Carbon footprint calculators for citizens

Recently, I received an annual summary from the company that supplies electricity to my apartment. Apparently, my usage is "average" but I realised that I had no idea what that means or if it is good or bad. People can be average smokers but that still does not mean smoking is good for them

Here the meters are read remotely and payment is paid by my bank to the company automatically so it could not be easier and then electricity is one of those things I really don't understand. And that's even though I was relatively good at physics at school. I've got a literal sort of mind that likes to see cause and effect so, even now, I can't get my head around alternating current that, by simply its name, implies something that ebbs and flows. A pump can be switched to alternate … can suck or blow but if the water I use did the same then it would surely fill and then empty the sink!

I digress. What I really mean is that I can’t see or judge, in anything like real time, how much power I'm using and, in terms of my personal carbon footprint and my impact on global warming, that can't be good. Most people act only when they see the impact of what they do in real time.
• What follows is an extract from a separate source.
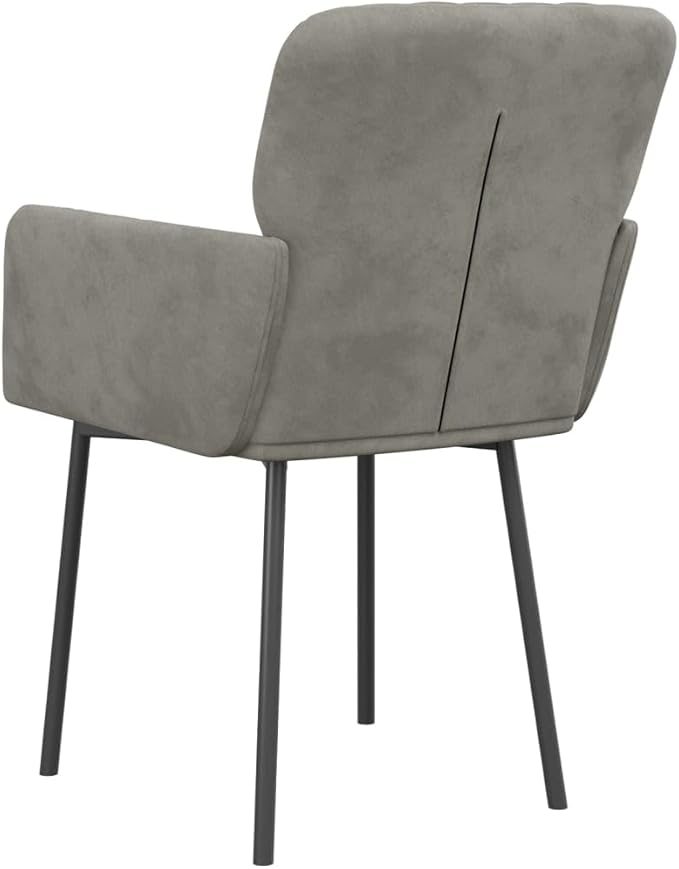 Light Grey Velvet Dining Chair Set of 2 Modern Accent Chairs Ergonomic 19W 16.9D 17.3H for Kitchen Dining Room Living Room Small Space Comfortable Upholstered Seat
So, out of interest, I looked on line and came across an article …. Carbon footprint calculators for citizens, Recommendations and implications in the Nordic Context by Marja Salo and Maija K. Mattinen that they published in 2017.

It does not provide the solution but does look at some of the problems in making this sort of interface easy to use and meaningful but also raises questions about how, in an age drowning in information, and, even in Scandinavian countries where there is probably a higher perception of the problems of global warming, it is still difficult to find out what we should do and what impact that will have.

In the first apartment I rented in Copenhagen, I was the first occupant in the place after it had been created in the attic space of a building well over a hundred years old and the owners pointed out just how much they had had to spend to comply with current standards for insulation but then I experienced the gains first hand when the first winter came. Despite being in the roof and despite large dormer windows and one large room with floor to ceiling windows onto a balcony, I did not turn on the radiators …. and that was despite the fact that it was on the community heating system so it would have been too easy to turn it on with no physical feed back of boilers going on and off that I'm used to.

In the second apartment, it was in a very large housing complex and monitoring electricity and heating use was outsourced through a heating consultant. He came one day to do an annual check with the figures for my power usage and said he wanted to check thermostats on radiators because I seemed to be consuming more than would be expected but that was resolved when I pointed out that it was a large and very open apartment and writing and doing research meant the apartment was occupied during the day and I was sitting at a desk in a large space with floor to ceiling windows in an apartment that was nearly twenty years old so not built to current standards and heating had to be kept relatively high or I'd have to sit at the computer wearing a scarf and gloves.

I'm suspicious of monitors and assessments offered by the utility supplier or the manufacturer of white goods because surely they just need to sell me more and, on the other hand, a generic and vague tick-box survey cannot, surely, take into account things like working from home and yet we really do need more guidance and more tangible proof that relates to us specifically if we are to change habits and make a difference.